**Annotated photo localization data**
········
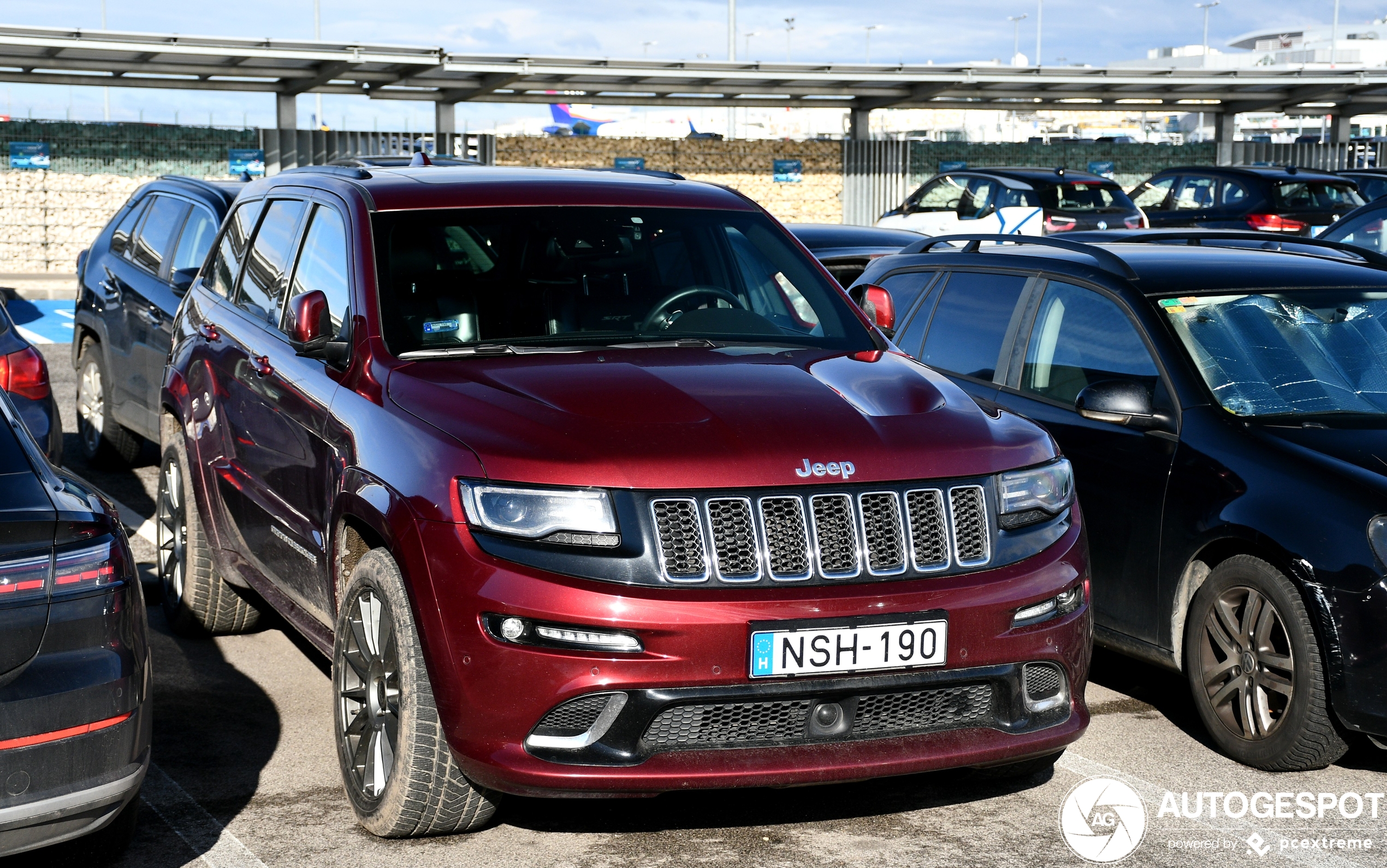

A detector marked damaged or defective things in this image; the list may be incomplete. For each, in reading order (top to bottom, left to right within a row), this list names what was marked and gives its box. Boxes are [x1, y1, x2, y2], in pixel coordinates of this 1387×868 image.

damaged windshield [1159, 291, 1387, 415]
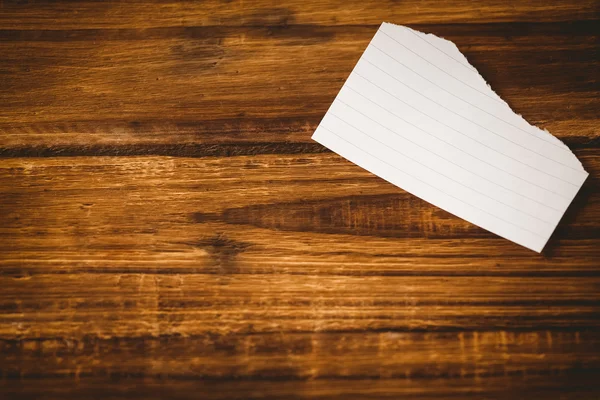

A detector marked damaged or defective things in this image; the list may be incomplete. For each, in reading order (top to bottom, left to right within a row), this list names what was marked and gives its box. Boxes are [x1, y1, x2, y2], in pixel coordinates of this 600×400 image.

torn paper scrap [312, 21, 588, 252]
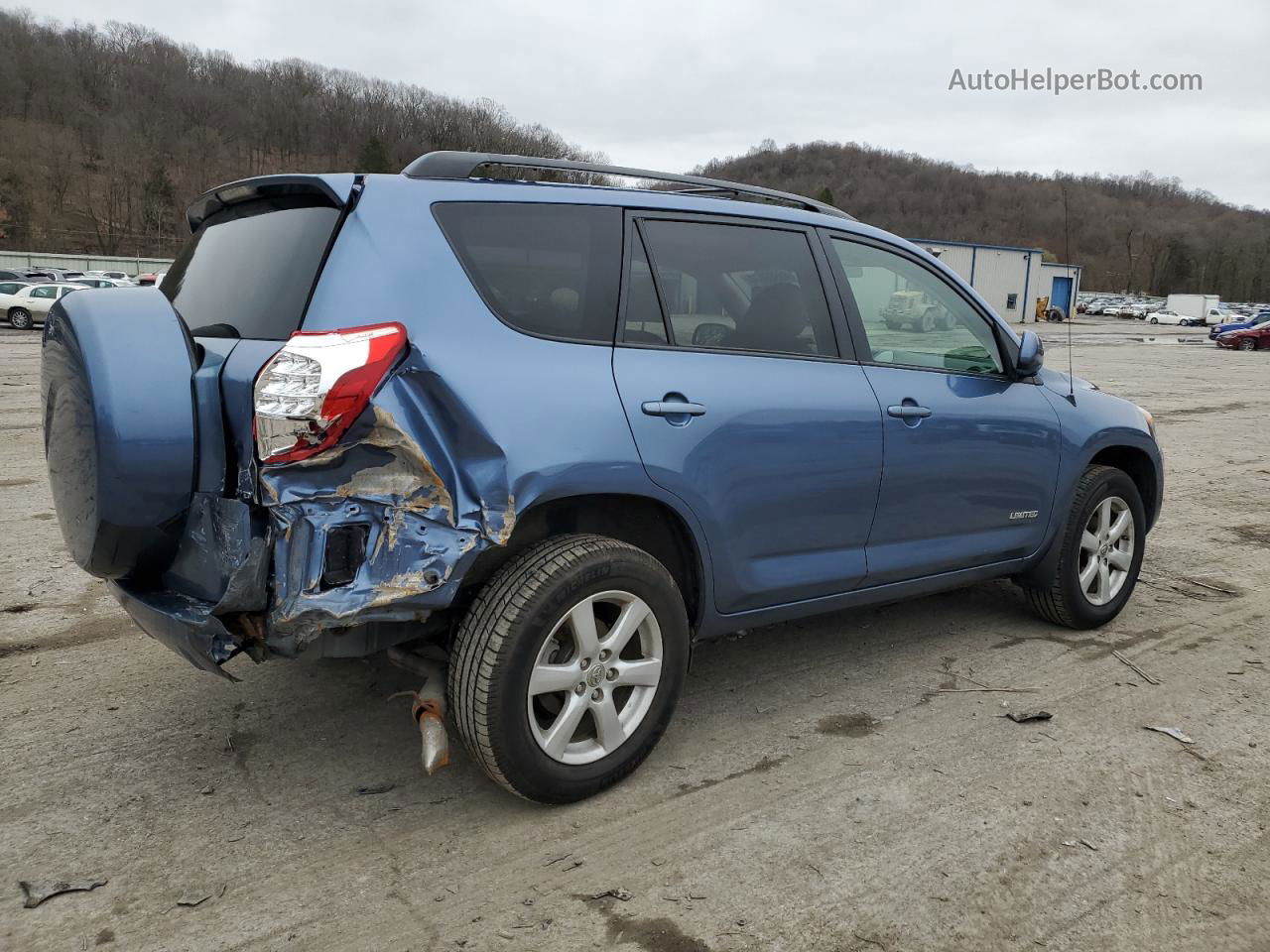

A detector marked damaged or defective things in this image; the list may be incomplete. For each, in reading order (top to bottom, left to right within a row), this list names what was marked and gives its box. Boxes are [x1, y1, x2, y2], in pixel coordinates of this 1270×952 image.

cracked tail light [250, 323, 405, 464]
damaged vehicle lot [2, 321, 1270, 952]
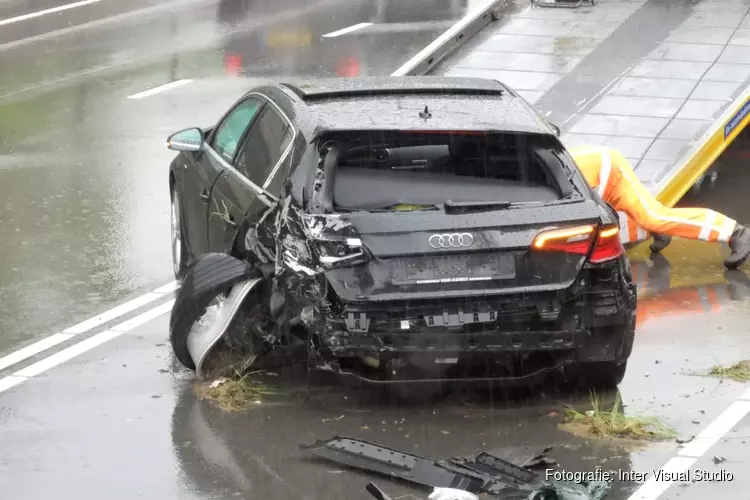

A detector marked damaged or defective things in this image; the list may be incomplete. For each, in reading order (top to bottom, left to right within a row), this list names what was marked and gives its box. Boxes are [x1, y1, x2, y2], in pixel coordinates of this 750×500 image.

severely damaged audi [166, 77, 640, 390]
broken taillight [532, 225, 624, 264]
broken car wheel [170, 256, 253, 370]
detached car part [304, 436, 612, 498]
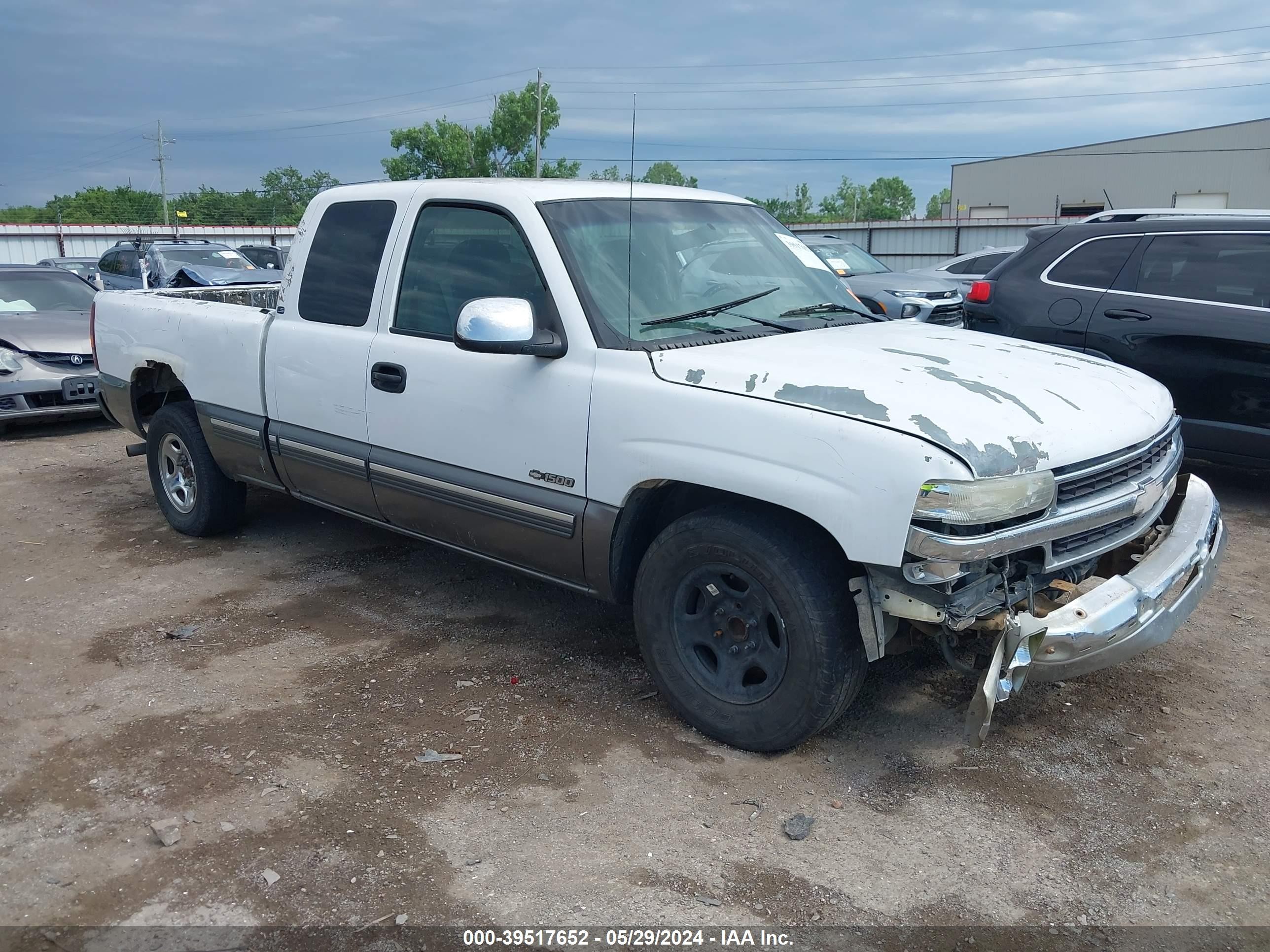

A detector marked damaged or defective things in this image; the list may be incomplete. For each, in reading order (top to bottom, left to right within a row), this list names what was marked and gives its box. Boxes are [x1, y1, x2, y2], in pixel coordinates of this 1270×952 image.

peeling hood paint [651, 323, 1175, 477]
cracked headlight [911, 471, 1049, 524]
damaged front bumper [966, 477, 1223, 745]
broken bumper fragment [1025, 477, 1223, 686]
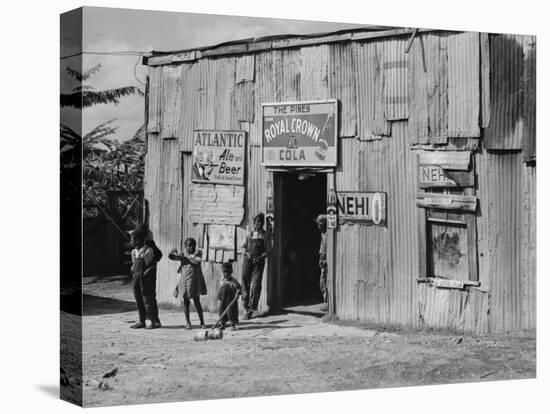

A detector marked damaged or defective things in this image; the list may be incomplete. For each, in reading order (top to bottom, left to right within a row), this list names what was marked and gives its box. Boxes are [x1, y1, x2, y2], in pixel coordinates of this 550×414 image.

rusted metal siding [330, 43, 360, 137]
rusted metal siding [450, 31, 480, 137]
rusted metal siding [488, 34, 532, 150]
rusted metal siding [476, 150, 536, 332]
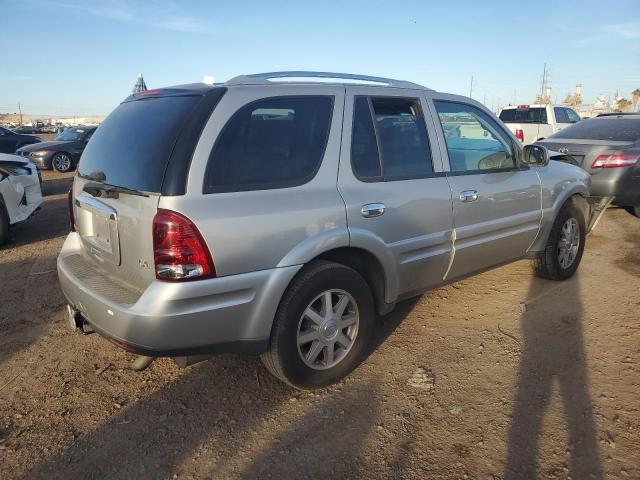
········
**INSTRUCTIONS TO FOLLOW**
A word-for-word copy is required of the lines above from the line with "this 550×414 image." through the last line of the data; no other lines and no pictures belong in it.

**TASK RESULT**
A detector marked damaged or defective things in this image; the list may be incomplete. For each, in reading order (top to bottom, left to right within a row), this list names what was marked and gives its box. Boxes are [x1, y1, x2, y2], in pixel coordinates of this 550×414 image.

rusted metal siding [330, 43, 360, 137]
rusted metal siding [450, 31, 480, 137]
rusted metal siding [488, 34, 532, 150]
rusted metal siding [476, 150, 536, 332]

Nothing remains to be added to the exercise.